Rosendahl is now introducing these clock design icons as wrist watches. The collection has been created in accordance with the original strokes of the master, as scaled-down versions of the wall clocks.
In 1942, the internationally acclaimed Danish architect & designer Arne Jacobsen (1902–1971) created the Roman wall clock for Aarhus City Hall, followed in 1956 by City Hall for Rødovre City Hall. Fifteen years later, in 1971, Arne Jacobsen designed Banker’s for the national bank of Denmark. Today, these three clocks for three striking buildings amount to a substantial contribution to three decades of modernistic design history.
Grand design in a slim package
As with the wall clocks, the dial and the front part of the case are produced as a single piece. Accordingly, the time graduations are imprinted directly on the dial. The wrist watches also have the same concave shape as the wall clocks. Similarly, the watch movement is located at the rear, and this part not only serves to retain the movement but also partly to retain the strap. The black, waxed calf leather strap is held in place using a system specially developed by Rosendahl for the collection.
ARNE JACOBSEN (1902-1971) was one of Denmark's most influential 20th century architects and designers. Both his buildings and products, like his Swan and Egg Chairs, combine modernist ideals with a Nordic love of naturalism.

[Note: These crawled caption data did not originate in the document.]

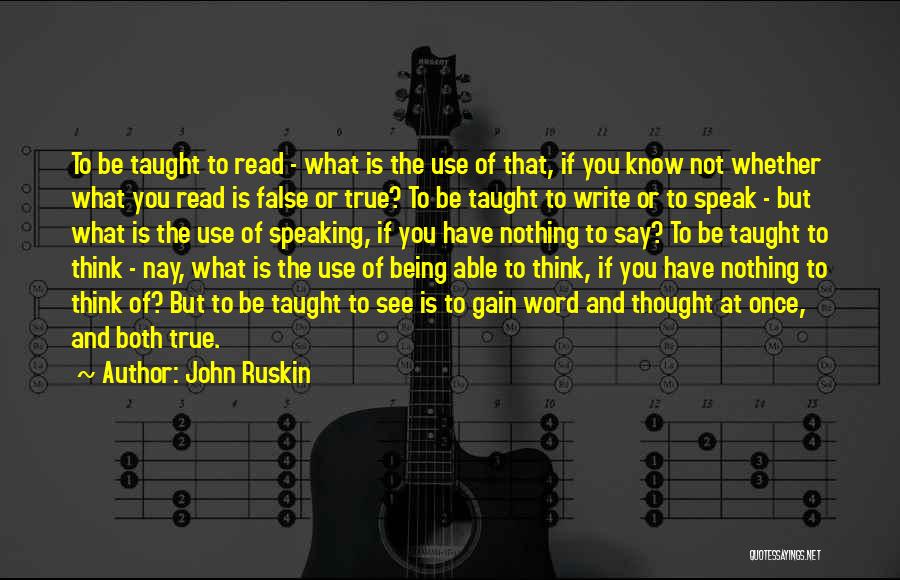True Sight Quotes By John Ruskin
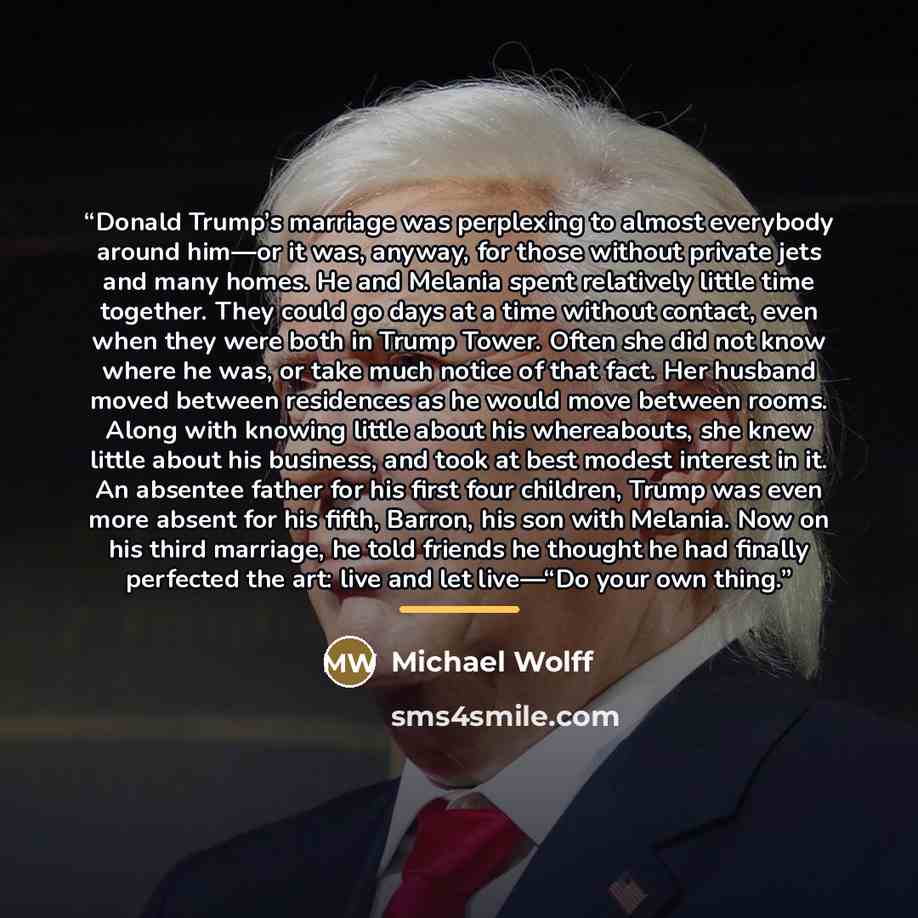 “Donald Trump’s marriage was perplexing to almost everybody around him—or it was, anyway, for those without private jets and many homes. He and Melania spent relatively little time together. They could go days at a time without contact, even when they were both in Trump Tower. Often she did not…” quote by Michael Wolff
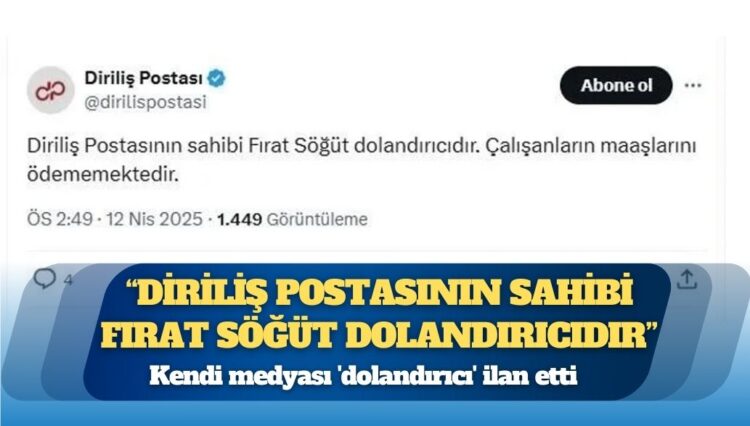 Kendi medyası ‘dolandırıcı’ ilan etti: “Çalışanların maaşlarını ödememektedir”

As an architect and an industrial designer, Jacobsen always strove to achieve this grace and coherence. In the process, he emerged as the single most influential Danish architect of the 20th century and the designer of such modernist classics as the Swan, Egg and Ant Chairs as well as the stainless steel, abstract-shaped cutlery which the director Stanley Kubrick chose as timelessly futuristic props for his film, 2001: A Space Odyssey.

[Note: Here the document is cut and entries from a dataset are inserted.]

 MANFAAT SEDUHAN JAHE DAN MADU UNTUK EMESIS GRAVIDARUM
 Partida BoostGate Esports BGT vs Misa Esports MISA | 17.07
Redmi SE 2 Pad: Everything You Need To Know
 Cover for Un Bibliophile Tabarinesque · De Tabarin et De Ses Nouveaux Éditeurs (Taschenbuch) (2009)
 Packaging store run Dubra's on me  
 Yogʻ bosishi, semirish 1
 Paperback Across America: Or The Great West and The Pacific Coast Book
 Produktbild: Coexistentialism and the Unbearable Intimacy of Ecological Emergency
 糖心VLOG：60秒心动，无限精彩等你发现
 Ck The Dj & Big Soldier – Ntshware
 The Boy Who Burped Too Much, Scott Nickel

During the 1950s, Jacobsen became increasingly interested in product design inspired by the work of the US furniture designers, Charles and Ray Eames. He was also influenced both by the ideals of his textile designer wife, Joanna, and the Italian design historian Ernesto Rogers, who believed that the design of every element was equally important "from the spoon to the city".
From the 1950s onwards Jacobsen was the dominant figure in Danish architecture, but outside Denmark he made his mark as a furniture and product designer.
Months before his death in 1971, Arne Jacobsen reflected on his career. "The fundamental factor is proportion," he concluded. "Proportion is precisely what makes the old Greek temples beautiful...And when we look at some of the most admired buildings of the Renaissance or the Baroque, we notice that they are all well-proportioned. That is the essential thing."